To start, I have a system as a prototype of my hypothesis that mostly works. It's not ideal, and I like to tinker with it to try to make it better. Here are some concerns right now
- efficiency; computational efficiency isn't key to my work, but it helps me test the accuracy of the algorithm. Waiting 15-30 minutes to get a result and then analysing it to see where any problems may lie is a lot less productive than getting a result in one minute. So, I'll work on that.
- background knowledge; I need to understand two domains, one of linguistics and one of natural language processing. In my first year, I acquainted myself with a lot of linguistics, but lately, I've only paid attention to computation. I want to expand my understanding of linguistics in the hopes that it will serve my Masters better.

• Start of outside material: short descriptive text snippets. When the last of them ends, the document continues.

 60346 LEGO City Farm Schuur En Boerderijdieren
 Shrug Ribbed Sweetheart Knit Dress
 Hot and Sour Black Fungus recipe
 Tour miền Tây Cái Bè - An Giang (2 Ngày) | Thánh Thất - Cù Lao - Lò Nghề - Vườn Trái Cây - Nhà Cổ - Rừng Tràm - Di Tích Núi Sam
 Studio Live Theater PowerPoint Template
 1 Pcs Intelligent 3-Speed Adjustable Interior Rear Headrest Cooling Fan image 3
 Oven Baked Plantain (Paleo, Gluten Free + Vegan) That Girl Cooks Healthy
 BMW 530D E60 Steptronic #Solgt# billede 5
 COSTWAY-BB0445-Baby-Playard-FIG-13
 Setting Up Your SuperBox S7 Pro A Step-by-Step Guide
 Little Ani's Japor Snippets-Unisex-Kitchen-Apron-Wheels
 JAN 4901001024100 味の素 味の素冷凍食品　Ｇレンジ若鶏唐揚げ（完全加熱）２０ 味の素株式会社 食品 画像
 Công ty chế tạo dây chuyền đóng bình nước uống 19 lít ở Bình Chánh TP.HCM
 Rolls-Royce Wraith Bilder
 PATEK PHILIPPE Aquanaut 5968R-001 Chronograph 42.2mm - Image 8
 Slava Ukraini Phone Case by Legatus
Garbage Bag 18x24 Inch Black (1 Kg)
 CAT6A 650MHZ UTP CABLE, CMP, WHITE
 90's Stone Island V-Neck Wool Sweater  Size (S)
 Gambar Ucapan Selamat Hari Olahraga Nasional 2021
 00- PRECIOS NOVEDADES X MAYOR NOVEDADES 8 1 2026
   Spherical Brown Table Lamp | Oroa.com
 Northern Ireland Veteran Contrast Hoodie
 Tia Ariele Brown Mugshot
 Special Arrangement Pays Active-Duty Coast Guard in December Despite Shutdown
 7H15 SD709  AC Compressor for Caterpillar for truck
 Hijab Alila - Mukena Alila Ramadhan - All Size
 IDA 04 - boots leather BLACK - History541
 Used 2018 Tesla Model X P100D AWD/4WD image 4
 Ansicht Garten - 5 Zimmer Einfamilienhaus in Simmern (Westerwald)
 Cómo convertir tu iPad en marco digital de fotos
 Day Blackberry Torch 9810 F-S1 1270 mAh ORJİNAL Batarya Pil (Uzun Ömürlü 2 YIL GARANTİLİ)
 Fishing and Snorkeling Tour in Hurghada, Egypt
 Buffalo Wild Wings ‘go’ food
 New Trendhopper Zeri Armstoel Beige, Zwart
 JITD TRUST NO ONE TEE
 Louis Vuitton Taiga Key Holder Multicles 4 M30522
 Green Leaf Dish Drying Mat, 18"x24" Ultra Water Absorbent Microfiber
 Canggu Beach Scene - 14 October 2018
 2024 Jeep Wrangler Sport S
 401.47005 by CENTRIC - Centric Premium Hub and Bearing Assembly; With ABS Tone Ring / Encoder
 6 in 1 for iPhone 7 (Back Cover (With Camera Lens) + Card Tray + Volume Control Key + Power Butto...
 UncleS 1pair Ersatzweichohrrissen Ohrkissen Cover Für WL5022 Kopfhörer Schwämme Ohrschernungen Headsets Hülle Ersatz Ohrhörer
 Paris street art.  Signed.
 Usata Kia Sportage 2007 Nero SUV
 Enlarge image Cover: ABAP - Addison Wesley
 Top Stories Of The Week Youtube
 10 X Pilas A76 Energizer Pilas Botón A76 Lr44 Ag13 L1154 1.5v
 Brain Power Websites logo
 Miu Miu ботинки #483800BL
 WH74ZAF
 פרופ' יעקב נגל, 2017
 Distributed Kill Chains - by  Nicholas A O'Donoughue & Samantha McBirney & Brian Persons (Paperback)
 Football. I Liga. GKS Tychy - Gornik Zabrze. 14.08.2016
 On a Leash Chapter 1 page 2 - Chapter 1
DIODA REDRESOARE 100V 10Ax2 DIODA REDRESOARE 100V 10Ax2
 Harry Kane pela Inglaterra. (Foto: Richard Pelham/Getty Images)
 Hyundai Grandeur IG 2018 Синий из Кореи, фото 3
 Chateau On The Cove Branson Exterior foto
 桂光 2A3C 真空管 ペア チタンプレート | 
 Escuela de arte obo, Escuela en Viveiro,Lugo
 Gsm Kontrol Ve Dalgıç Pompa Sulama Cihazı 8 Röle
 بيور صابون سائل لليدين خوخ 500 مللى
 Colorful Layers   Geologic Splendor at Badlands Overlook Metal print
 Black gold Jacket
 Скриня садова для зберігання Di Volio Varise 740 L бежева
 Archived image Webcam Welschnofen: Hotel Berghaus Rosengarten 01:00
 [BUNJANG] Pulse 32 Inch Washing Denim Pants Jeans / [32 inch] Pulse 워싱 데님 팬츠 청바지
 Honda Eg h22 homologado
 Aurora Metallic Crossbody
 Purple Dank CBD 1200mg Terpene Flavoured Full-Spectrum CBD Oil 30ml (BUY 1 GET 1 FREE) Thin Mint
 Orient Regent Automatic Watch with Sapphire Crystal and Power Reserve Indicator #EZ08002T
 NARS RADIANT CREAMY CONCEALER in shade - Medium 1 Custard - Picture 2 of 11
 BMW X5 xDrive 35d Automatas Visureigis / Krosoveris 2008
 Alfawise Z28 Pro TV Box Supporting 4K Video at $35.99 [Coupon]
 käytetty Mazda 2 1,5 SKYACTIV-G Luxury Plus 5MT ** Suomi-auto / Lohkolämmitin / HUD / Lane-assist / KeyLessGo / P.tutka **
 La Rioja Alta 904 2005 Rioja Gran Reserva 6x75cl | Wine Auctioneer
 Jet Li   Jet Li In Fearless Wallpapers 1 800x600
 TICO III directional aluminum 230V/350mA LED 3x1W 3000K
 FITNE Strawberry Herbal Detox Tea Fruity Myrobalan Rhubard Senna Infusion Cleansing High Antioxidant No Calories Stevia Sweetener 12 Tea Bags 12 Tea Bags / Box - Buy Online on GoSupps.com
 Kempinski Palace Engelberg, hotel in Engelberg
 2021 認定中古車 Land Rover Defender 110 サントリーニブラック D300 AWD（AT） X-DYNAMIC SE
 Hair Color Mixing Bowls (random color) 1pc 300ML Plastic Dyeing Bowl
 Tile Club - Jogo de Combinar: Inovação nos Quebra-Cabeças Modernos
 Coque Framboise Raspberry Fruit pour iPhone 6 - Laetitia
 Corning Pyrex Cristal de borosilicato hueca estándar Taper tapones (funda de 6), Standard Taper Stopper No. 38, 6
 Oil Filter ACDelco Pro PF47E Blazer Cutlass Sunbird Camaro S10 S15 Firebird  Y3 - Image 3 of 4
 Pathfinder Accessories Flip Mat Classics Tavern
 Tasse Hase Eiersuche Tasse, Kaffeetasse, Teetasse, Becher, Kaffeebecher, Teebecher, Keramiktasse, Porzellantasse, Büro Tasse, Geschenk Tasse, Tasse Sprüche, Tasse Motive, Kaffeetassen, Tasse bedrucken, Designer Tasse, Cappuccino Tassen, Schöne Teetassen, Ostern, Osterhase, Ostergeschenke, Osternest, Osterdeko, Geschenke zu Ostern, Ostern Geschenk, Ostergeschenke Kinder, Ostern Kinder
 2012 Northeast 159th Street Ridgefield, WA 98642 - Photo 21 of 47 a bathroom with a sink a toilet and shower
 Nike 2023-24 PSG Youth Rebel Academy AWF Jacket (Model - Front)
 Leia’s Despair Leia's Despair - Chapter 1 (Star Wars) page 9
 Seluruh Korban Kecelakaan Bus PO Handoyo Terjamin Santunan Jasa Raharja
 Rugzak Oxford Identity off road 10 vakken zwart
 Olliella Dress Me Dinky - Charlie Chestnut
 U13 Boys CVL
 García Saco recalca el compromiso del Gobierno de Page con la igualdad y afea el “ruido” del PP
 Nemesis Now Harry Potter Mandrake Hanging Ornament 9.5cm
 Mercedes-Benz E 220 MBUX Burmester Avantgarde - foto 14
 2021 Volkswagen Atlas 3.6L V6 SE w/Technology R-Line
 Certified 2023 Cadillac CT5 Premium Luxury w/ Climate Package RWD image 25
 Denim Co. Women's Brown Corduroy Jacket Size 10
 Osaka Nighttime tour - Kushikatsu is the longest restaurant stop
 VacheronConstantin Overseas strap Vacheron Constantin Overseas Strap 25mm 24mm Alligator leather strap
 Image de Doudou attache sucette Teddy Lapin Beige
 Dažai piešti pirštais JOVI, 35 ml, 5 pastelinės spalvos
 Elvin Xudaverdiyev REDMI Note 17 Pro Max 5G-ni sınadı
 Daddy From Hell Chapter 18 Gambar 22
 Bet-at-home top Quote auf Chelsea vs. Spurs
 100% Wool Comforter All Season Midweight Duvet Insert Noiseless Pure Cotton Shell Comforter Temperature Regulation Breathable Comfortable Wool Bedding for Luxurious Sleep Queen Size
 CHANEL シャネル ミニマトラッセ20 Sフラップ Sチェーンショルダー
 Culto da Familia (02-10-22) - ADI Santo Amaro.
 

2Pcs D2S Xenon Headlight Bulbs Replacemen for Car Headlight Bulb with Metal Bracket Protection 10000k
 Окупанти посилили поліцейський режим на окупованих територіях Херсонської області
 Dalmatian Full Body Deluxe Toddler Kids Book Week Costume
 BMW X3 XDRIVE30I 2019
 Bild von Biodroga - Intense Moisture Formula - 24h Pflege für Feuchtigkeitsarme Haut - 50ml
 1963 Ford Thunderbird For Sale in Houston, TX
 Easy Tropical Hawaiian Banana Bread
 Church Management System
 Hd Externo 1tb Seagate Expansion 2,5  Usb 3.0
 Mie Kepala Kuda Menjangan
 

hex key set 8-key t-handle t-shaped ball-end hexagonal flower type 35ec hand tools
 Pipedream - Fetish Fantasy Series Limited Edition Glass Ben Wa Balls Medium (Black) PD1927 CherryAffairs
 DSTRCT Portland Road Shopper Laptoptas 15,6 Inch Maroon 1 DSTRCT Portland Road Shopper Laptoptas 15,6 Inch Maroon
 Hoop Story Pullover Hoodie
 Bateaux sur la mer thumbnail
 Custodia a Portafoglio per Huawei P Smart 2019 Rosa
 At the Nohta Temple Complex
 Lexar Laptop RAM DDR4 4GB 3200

- visualisation; it's been hard to clearly explain to some other people exactly how the algorithm operates if they're not already deeply into computer science. I'd like to be able to have it visualise its progress as it runs so people can see its behaviour.
- stateliness; right now each run of the system starts fresh, and a grammar must be retrained from scratch. What I would prefer would be able to have a built grammar that persists between runs, and that I can continue to add to. I've used some of my GXml work to help with this a little, but I need to do more.